I open up a newspaper and it is filled with articles about Trump, Brexit and the rise of Extreme-Right in Europe. I open up my FB page, and my activist friends post pictures and videos showing demonstrations, protests and riots. The rainforest is on fire and the world seems to be too.
Why would I start a positive impact Tour Company in a time like this? A time where it is abundantly clear the amount of hours we fly is directly linked to the problems we encounter with climate change? While there is a traveling elite crossing borders freely while others with a much more pressing need are stuck behind fences in horrific circumstances?

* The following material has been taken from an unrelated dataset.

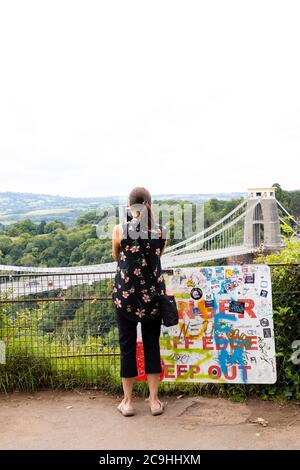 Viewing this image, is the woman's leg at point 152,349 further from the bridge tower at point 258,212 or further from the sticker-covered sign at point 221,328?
the bridge tower at point 258,212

I started being a tour guide 6 years ago, after coming back from a 9 months travel myself. It was a journey where I learned more about myself, other cultures, and the world than I ever could have learned from a book. I came back to Amsterdam in June, the weather was beautiful, the terraces were full of smiling people, the canals were crammed with boats cruising around and I thought to myself: “I will get myself a summer job, and get a ‘real job’ later.” So I became a guide and I loved it. I met people from all over the world, not just people from Australia, the US and Canada, but also Brazil, the Philippines, Kazachstan, Dubai and Colombia.
Way too fast the summer was over, and I found an internship at a NGO that gave legal advice to refugees. A demanding job that didn’t give the satisfaction I was looking for. Everyday there were people crying in my office, everyday I had to explain to them again the asylum policies of the Netherlands. I started to feel more and more like I was part of the problem, not of the solution. So I quit and I got back to guiding. My mother didn’t understand it and I barely understood it myself, I had worked so hard for 6 years to get a law degree, to get a masters in public international law, to specialise in human rights and now I would throw it all away, to become a tour-guide?
But on every tour I talked about Amsterdam and we started to discuss all kinds of things, things that really matter, like refugee policies, gentrification or the colonial system. I met people working for NGO’s, a Kurdish writer from the Guardian, a buddhist from Thailand, a gay rights-activist from Peru.
I was working when Trump got elected and I talked with people from the US, I was working during the Brexit vote and I talked with people from the UK. I was working while the terrorist attacks happened in Paris and Brussels, I had people from Hongkong on my tour during the protests, and people from Taiwan a week later who explained their fears for the Chinese government. On every tour I could feel this sparkle of hope, standing there all together with a group of people from all over the world, standing in Amsterdam, a city that’s a symbol of freedom and tolerance, this moment we looked each other in the eye and we knew in the end, we are all in it together.
So last summer, me and Katjalisa started thinking, what if we build a tour company that is based on these premisses, a company that offers tours that creates understanding and connection and plants seeds of hope for the future, a real fair-trade tour company? So we took a leap together, and we founded Tours that Matter: a company that provokes people to take different perspectives and open their minds, a company that supports local artists, initiatives and activists; a company that doesn’t only make Amsterdam, but the world a better place!